## Collected material
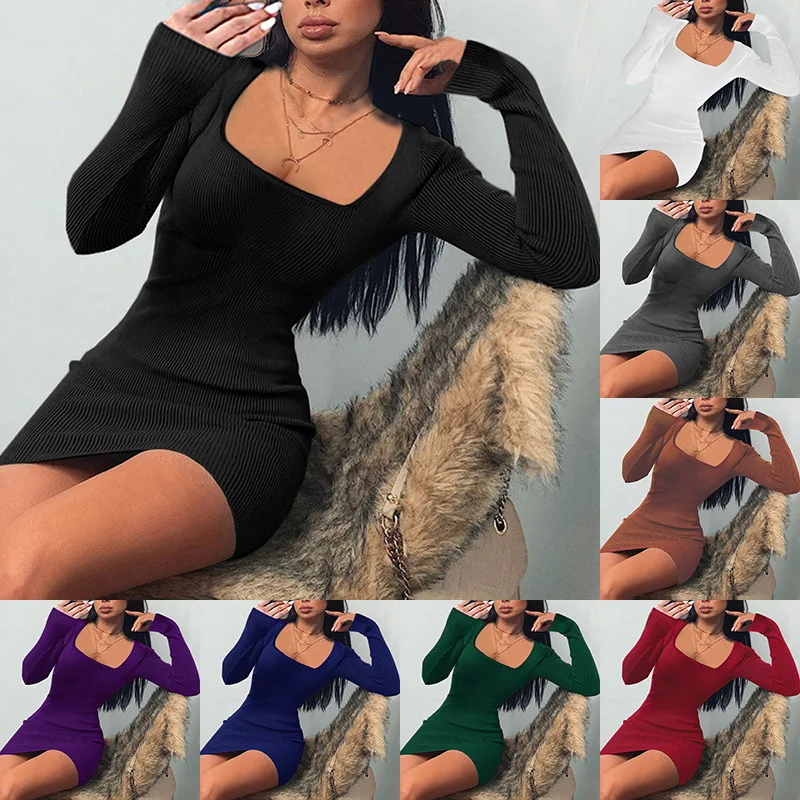 

Women Club Basic Solid Color Square Neck Mini Dress Long Sleeve Sexy Bodycon Dress
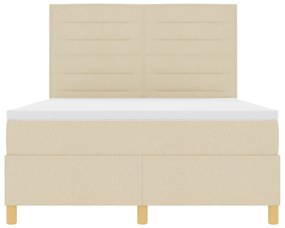 Cama Box Spring com Colchão Creme 140x200 cm Tecido
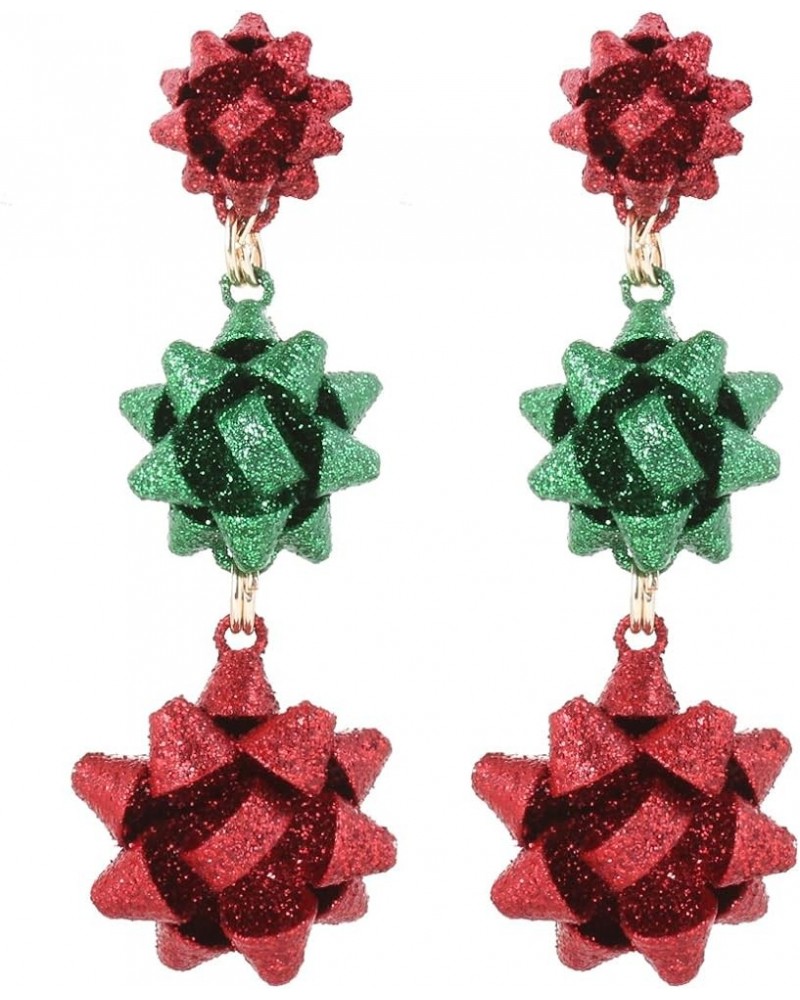 Christmas Earring Bow Shape Xmas Santa Gift Bow Drop Dangle Earrings for Women Red Glitter $7.50 Earrings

## What to work on
Reproduce the data in full. Do not carry over any picture.

## Response area
Women Club Basic Solid Color Square Neck Mini Dress Long Sleeve Sexy Bodycon Dress
 Cama Box Spring com Colchão Creme 140x200 cm Tecido
 Christmas Earring Bow Shape Xmas Santa Gift Bow Drop Dangle Earrings for Women Red Glitter $7.50 Earrings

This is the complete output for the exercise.